Azure Deployment Path¶
This repository does not fine-tune or deploy a model on its own. It writes deployment metadata
that downstream Azure workflows can consume after a tuned artifact already exists. It now also
includes first-class runtime probes and a live-answer surface for validating the repository's
Azure configuration against the same uv-managed CLI.
make azure-manifest MODEL_ID=my-ft-model DEPLOYMENT_NAME=repo-rag-ft
make azure-openai-probe
make azure-inference-probe
make ask-live QUESTION="What does this repository research?"

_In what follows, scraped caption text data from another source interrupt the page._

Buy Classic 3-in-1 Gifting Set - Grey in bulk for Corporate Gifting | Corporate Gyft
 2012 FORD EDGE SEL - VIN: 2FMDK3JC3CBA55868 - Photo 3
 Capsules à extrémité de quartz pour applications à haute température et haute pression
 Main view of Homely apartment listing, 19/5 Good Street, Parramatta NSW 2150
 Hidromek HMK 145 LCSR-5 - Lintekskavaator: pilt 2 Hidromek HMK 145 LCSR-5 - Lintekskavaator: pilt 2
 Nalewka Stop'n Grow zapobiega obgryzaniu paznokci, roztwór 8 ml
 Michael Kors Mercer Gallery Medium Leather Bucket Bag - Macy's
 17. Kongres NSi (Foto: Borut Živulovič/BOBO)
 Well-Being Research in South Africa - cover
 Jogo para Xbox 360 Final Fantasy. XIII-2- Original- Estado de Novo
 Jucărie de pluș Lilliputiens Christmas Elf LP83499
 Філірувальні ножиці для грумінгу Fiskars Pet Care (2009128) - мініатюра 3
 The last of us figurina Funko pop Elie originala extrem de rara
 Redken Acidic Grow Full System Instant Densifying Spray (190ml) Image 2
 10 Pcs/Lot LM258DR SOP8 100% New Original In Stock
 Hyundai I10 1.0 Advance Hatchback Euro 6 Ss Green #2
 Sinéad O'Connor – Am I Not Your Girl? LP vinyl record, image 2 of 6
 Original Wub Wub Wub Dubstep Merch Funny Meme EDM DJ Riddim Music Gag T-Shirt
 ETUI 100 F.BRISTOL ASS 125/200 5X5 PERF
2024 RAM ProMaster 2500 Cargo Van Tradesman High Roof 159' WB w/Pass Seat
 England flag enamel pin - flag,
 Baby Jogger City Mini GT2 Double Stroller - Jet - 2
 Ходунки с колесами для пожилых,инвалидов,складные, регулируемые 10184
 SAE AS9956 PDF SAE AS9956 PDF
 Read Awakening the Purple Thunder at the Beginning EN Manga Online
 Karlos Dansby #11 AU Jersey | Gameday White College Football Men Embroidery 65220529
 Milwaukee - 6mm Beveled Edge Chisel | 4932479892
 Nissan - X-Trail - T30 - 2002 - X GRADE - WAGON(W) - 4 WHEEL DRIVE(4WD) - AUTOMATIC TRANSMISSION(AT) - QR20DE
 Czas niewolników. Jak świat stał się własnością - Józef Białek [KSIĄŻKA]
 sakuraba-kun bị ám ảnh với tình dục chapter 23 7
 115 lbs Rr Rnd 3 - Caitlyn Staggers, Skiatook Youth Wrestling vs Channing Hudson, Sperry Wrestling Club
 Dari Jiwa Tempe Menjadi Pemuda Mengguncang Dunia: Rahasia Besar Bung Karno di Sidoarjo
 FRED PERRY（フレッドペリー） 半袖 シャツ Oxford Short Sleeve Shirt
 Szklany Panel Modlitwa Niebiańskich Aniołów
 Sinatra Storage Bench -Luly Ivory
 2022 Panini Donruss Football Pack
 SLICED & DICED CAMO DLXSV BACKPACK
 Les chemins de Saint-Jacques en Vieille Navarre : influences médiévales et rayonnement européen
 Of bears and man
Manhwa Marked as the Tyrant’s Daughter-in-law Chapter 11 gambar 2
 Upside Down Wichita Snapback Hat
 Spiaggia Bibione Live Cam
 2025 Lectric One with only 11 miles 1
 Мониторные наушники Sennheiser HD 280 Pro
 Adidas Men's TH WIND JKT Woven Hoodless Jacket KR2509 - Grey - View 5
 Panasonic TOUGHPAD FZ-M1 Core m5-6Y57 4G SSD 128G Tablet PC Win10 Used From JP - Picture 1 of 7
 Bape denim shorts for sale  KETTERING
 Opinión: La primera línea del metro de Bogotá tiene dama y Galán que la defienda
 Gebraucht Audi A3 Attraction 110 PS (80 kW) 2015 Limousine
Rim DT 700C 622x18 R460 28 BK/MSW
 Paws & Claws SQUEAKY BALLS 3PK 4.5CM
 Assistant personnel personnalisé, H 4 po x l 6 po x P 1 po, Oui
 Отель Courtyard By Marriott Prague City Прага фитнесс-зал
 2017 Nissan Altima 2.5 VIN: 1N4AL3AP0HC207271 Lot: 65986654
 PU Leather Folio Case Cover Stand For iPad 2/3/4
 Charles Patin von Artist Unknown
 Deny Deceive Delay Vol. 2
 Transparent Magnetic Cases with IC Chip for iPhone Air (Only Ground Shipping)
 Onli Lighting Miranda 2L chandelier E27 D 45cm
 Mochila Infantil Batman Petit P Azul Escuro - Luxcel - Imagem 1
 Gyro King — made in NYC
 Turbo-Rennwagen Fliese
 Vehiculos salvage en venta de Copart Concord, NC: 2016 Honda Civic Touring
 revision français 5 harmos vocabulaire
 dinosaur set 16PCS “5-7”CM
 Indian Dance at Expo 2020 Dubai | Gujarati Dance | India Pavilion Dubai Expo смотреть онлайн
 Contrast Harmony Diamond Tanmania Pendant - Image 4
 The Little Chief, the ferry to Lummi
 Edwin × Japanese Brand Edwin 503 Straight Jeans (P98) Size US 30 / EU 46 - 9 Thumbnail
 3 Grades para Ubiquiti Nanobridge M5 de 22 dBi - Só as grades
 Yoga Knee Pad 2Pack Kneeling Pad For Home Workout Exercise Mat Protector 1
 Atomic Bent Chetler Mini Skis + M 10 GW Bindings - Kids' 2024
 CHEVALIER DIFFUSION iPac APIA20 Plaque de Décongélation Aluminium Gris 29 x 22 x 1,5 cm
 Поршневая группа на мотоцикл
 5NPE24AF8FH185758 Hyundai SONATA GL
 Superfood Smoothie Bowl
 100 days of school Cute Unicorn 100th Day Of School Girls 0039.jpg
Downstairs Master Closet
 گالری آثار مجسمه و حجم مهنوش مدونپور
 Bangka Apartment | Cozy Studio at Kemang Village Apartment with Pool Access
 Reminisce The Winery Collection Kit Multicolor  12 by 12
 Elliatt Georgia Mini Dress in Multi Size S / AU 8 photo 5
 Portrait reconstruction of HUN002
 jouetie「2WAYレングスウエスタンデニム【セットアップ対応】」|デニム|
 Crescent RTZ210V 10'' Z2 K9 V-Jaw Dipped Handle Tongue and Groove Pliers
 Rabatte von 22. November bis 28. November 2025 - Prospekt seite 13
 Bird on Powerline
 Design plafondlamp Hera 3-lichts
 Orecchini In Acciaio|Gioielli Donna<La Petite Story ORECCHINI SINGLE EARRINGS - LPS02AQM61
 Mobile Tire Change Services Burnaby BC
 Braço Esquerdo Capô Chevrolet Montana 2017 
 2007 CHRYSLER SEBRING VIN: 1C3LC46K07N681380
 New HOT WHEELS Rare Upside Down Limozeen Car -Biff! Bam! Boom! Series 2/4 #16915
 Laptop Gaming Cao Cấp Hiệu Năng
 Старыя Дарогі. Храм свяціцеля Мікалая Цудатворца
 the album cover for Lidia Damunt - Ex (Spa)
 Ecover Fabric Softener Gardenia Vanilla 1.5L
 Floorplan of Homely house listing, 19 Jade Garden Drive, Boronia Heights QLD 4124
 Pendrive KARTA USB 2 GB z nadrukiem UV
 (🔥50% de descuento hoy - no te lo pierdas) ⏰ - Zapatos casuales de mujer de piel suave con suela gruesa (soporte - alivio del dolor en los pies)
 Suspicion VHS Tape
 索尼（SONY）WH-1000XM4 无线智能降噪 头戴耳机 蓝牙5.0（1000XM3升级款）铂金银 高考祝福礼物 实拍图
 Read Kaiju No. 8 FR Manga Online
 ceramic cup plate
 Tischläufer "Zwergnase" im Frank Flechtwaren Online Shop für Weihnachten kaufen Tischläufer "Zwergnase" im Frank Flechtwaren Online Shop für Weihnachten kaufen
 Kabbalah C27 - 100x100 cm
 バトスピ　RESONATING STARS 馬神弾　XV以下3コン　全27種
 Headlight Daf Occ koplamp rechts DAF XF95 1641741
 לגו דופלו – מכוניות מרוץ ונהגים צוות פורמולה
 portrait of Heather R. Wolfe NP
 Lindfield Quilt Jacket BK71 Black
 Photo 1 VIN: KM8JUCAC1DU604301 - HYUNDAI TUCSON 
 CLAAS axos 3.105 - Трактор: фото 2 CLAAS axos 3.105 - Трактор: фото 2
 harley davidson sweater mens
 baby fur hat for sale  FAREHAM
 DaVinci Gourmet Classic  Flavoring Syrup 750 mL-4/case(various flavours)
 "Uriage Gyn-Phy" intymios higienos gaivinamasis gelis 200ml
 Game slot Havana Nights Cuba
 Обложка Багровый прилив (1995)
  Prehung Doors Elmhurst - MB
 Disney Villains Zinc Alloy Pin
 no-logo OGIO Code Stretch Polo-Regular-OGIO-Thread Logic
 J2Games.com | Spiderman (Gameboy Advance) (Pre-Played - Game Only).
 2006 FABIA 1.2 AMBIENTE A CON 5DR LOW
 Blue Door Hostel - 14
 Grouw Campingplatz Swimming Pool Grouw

The manifest lands in artifacts/azure/ and records the deployment name, endpoint, and required
runtime environment variables.
Agent Guidance¶
Repository-local agent instructions live in AGENTS.md. Agents and contributors should start with
named make targets or uv run repo-rag ... commands before inventing one-off workflows so
notebooks, tests, CI, and automation stay aligned. The overreaching repository narrative that
agents are expected to keep current lives in README.AGENTS.md. For repo
question answering, make ask already uses the Rust lookup path first. Run make rust-lookup
QUERY="..." when you want to inspect those candidate files directly before moving to
make ask-dspy.
Post-Push Workflow¶
After every push:
- Inspect recent runs with
gh run list --limit 10. - Capture the relevant
gh run viewdetails. - Store the summary in
samples/logs/.
That step is part of the repository contract, not optional cleanup.